■ **What to do**:
Aside from the pictures, copy the listing exactly.

■ **Dataset extract**:
● ● ●
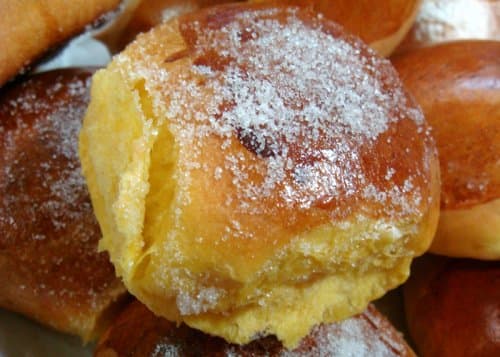 Pão Doce de Massa Mole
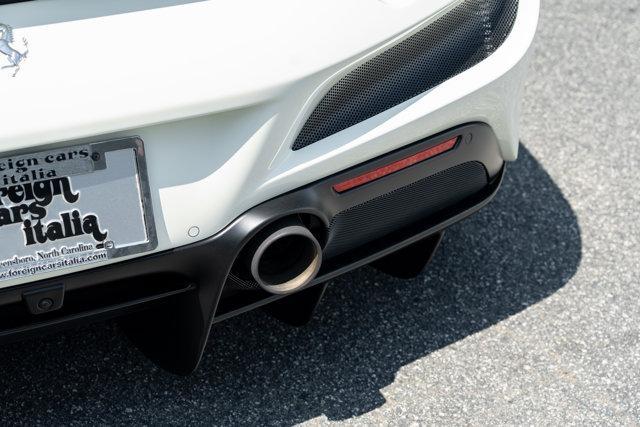 used 2022 Ferrari F8 Spider car, priced at $414,900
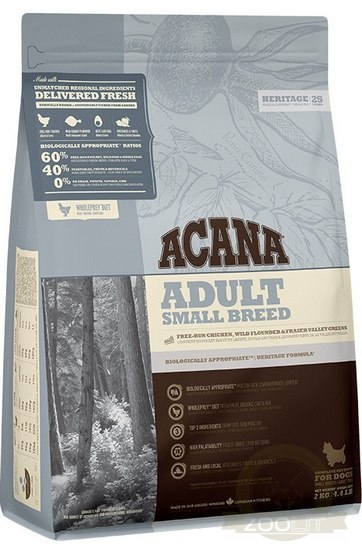 Acana Adult Small Breed 2kg Acana Adult Small Breed 2kg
● ● ●
■ **Solution for this exercise**:
 Pão Doce de Massa Mole
 used 2022 Ferrari F8 Spider car, priced at $414,900
 Acana Adult Small Breed 2kg Acana Adult Small Breed 2kg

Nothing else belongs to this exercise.